For ADHDers, life can feel like one long sprint from one urgent thing to the next. We may act quickly, speak fast, or jump between goals. Reflection slows the spin. It creates space to ask, “What happened? What mattered? What can I carry forward?” It turns patterns into insights, missteps into growth, and experiences into wisdom.
Living this value isn’t about ruminating or replaying every mistake. It’s about noticing. It’s about showing up to your own life with curiosity, not criticism. And for ADHDers who’ve often been judged more than heard, being reflective means reclaiming your own voice—your version of events, lessons, values, and truth.
Reflection builds self-awareness, resilience, and alignment.
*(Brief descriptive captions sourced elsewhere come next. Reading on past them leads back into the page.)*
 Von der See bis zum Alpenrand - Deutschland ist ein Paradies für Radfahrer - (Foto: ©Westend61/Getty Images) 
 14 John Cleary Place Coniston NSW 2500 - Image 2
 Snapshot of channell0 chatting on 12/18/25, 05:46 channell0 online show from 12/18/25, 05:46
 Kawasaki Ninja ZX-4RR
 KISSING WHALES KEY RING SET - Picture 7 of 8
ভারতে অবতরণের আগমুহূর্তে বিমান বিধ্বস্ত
It’s the trailhead for every course correction. And it invites us to live less on autopilot—and more on purpose.
🧭 The HOPE Trail Map
- Helps or Harms: Am I reacting without understanding—or taking time to reflect before responding?
- Own My Values: I want to be someone who learns from my story, not just moves through it.
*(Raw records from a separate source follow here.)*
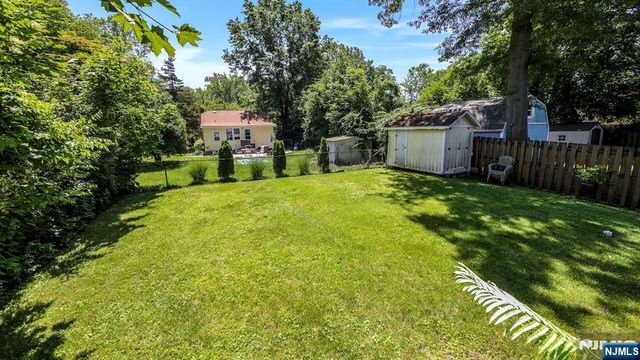 15 Grandview Avenue, Oakland, NJ 07436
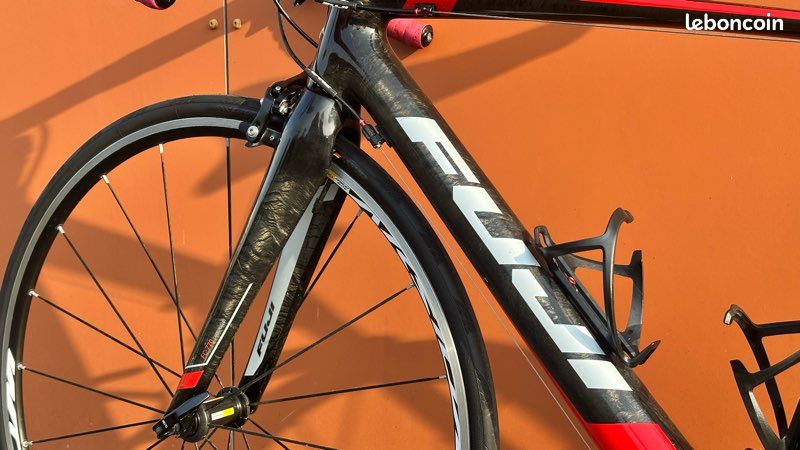 Équipements + Fuji Altamira 2.7 Carbone / Shimano 105 / Mavic / Grand Prix 5000 (image 4)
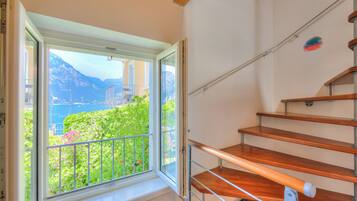Family Villa, Multiple Bedrooms, 2 Bathrooms, Lakeside (Villa Il Paradiso Di Gabri) | Interior
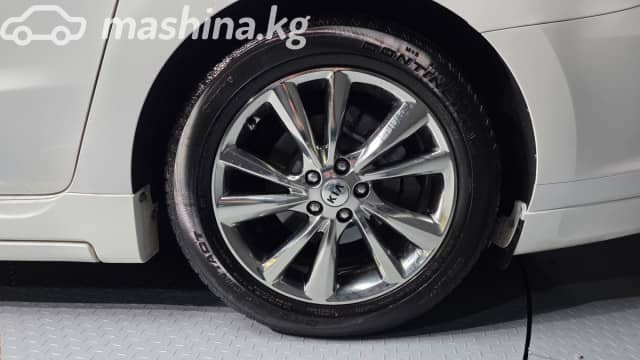 Kia Carnival III 2.2d AT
- People and Pursuits: Who holds space for me to reflect without judgment? What routines help me pause and look inward?
- Enact and Evaluate: Today, I’ll take five minutes to reflect on one recent experience—and find the meaning or learning within it.
⚠️ Trail Challenges
- ADHDers may avoid reflection due to fear of shame or overwhelm.
- Fast-paced thoughts can make quiet introspection difficult.
- Reflection may be mistaken for overthinking or regret.
🪧 Trail Markers: Small Steps Toward Reflective
- End your day with a 3-question journal: What went well? What was hard? What did I learn?
- Pause after a strong emotional moment and ask: “What was underneath that?”
- Try reflecting through movement (walks, drawing, voice notes) if stillness feels difficult.
🔥 Campfire Questions for Reflection
- When have I grown because I stopped to reflect, instead of rushing on?
- What’s one pattern I’ve noticed lately—and what might it be teaching me?
- What do I want to carry forward from this chapter of my ADHD journey?
To be reflective is not to be stuck in the past—it’s to harvest wisdom from it, and use it to walk your next step with more awareness and grace.